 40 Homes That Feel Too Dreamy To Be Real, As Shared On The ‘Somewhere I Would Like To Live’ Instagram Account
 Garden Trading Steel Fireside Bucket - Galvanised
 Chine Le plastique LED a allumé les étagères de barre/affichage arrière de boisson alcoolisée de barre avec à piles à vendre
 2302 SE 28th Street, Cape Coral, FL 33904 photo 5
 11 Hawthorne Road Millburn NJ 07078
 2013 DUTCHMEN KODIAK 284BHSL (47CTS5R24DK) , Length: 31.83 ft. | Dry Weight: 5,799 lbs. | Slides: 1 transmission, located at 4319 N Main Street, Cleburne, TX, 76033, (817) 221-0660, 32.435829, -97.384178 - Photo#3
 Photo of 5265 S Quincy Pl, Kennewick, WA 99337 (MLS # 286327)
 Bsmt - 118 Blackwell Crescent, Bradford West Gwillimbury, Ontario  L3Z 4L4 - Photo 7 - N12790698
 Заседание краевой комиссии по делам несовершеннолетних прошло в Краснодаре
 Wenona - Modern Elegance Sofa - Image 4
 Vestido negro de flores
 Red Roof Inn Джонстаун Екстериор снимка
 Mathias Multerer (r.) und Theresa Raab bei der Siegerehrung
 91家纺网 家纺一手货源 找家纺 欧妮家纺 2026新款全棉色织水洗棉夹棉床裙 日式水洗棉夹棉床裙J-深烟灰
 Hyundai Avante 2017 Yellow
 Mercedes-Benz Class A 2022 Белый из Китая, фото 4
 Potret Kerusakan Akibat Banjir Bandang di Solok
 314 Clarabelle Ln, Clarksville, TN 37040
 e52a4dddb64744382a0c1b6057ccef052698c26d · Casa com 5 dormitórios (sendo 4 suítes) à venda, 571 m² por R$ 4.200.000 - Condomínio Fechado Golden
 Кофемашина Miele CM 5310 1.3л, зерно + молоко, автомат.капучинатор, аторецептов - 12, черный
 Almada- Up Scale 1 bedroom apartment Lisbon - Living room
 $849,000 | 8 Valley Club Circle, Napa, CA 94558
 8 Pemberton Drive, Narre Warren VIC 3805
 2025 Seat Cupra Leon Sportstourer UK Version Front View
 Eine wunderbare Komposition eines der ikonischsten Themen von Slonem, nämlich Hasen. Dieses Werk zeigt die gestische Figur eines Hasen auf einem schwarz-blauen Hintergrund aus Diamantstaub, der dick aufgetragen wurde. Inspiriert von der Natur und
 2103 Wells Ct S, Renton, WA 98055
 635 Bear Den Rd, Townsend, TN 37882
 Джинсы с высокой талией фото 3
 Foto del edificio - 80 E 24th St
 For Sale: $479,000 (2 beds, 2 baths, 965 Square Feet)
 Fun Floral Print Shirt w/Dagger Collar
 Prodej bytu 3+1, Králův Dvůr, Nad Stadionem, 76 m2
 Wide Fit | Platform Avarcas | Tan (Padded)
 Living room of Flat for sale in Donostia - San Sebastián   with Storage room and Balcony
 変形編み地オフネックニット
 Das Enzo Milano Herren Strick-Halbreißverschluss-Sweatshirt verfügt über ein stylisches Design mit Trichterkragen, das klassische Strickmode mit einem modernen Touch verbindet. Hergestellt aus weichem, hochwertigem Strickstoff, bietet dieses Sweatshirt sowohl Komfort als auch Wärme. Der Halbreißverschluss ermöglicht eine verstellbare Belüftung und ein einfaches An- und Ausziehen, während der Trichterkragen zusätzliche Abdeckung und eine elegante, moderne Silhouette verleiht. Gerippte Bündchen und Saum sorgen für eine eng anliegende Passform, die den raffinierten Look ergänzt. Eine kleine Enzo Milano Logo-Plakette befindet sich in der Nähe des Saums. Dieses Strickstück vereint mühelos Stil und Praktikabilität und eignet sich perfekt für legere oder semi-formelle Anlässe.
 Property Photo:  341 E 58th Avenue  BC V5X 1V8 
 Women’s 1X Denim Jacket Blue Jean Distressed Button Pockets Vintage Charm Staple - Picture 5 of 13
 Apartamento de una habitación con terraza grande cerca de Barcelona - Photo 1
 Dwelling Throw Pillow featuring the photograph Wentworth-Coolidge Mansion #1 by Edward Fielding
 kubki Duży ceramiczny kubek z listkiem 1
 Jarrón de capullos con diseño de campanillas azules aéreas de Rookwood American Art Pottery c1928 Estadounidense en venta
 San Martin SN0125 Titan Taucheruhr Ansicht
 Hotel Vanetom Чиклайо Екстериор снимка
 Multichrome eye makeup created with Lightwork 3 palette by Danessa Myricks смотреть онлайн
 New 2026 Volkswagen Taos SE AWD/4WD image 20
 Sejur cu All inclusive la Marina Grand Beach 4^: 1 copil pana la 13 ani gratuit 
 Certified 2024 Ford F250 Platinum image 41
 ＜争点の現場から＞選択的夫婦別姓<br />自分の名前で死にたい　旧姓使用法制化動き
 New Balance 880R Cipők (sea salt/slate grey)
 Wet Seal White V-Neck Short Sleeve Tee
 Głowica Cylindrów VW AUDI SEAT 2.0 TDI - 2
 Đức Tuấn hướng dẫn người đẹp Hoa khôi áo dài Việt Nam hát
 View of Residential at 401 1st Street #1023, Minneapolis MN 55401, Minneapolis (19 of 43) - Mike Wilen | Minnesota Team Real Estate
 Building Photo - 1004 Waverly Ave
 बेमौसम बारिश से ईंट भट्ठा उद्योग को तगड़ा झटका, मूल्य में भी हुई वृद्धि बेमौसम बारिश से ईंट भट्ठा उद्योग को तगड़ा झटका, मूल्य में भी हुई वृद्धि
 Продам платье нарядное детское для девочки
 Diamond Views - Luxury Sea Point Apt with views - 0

........

What needs to be done -
Using the material above, work out the number of lines that include "Dieses" and answer with that number by itself.

Task result -
2